The team described the system in a paper published on arXiv. TransCoder is inspired by other neural machine translation (NMT) systems that use deep-learning to translate text from one natural language to another and is trained only on monolingual source data. To compare the performance of the model, the Facebook team collected a validation set of 852 functions and associated unit tests in each of the system's target languages: Java, Python, and C++. Compared to existing systems, TransCoder performed better on this validation set than existing commercial solutions: by up to 33 percentage points compared to j2py, a Java-to-Python translator. Although the team restricted its work to only those three languages, they claim it can "easily be extended to most programming languages."

TransCoder builds on advances in natural-language processing (NLP), in particular unsupervised NMT. The model uses a Transformer-based sequence-to-sequence architecture which consists of an attention-based encoder and decoder. Since obtaining a dataset for supervised learning would be difficult. It would require many pairs of equivalent code samples in both the source and target languages, the team opted to used monolingual datasets to do unsupervised learning, using three strategies. First, the model is trained on input sequences that have random tokens masked, the model must learn to predict the correct value for the masked tokens. Next, the model is trained on sequences that have been corrupted by randomly masking, shuffling, or removing tokens, the model must learn to output the corrected sequence. Finally, two version of these models are trained in parallel to do back-translation, one model learns to translate from the source to target language, and the other learns to translate back to the source.

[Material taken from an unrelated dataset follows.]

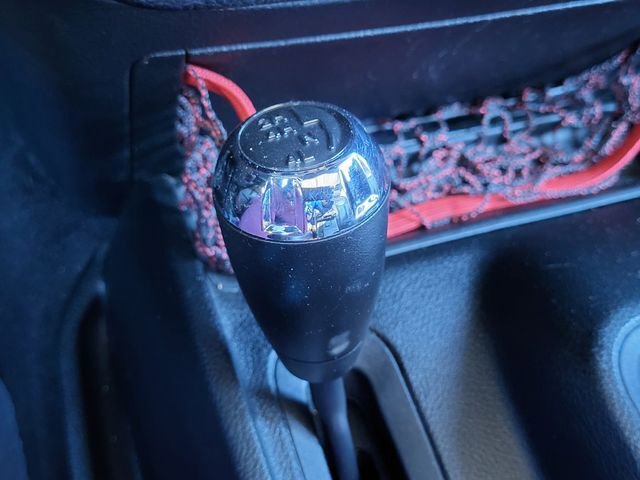 Used 2017 Jeep Wrangler Unlimited Rubicon image 27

Model Image Source: https://arxiv.org/abs/2006.03511

To train the models, the team mined samples from over 2.8 million open-source repositories from GitHub. From that they selected files in their languages of choice (Java, C++, and Python) and extracted individual functions. They chose to work at the function level for two reasons: function definitions are small enough to be contained in a single training input batch, and translating functions allows the model to be evaluated using unit tests. Although many NLP systems use the BLEU score to evaluate their translation results, the Facebook researchers note that this metric can be a bad fit for evaluating transpilers: results that are syntactically similar may have a high BLEU score but "could lead to very different compilation and computation outputs," while programs with differing implementations that produce the same results may have a low BLEU score. Thus, the team chose to evaluate their transpiler results using a suite of unit tests. The tests were obtained from the GeeksforGeeks site by collecting problems which contained solutions written in all three target languages; this resulted in a set of 852 functions. The team compared TransCoder's performance on this test set with two other existing transpiler solutions: the j2py Java-to-Python converter and Tangible Software Solutions C++-to-Java converter. TransCoder "significantly" outperformed both, scoring 74.8% and 68.7% on C++-to-Java and Java-to-Python respectively, compared to 61% and 38.3% for commercial solutions.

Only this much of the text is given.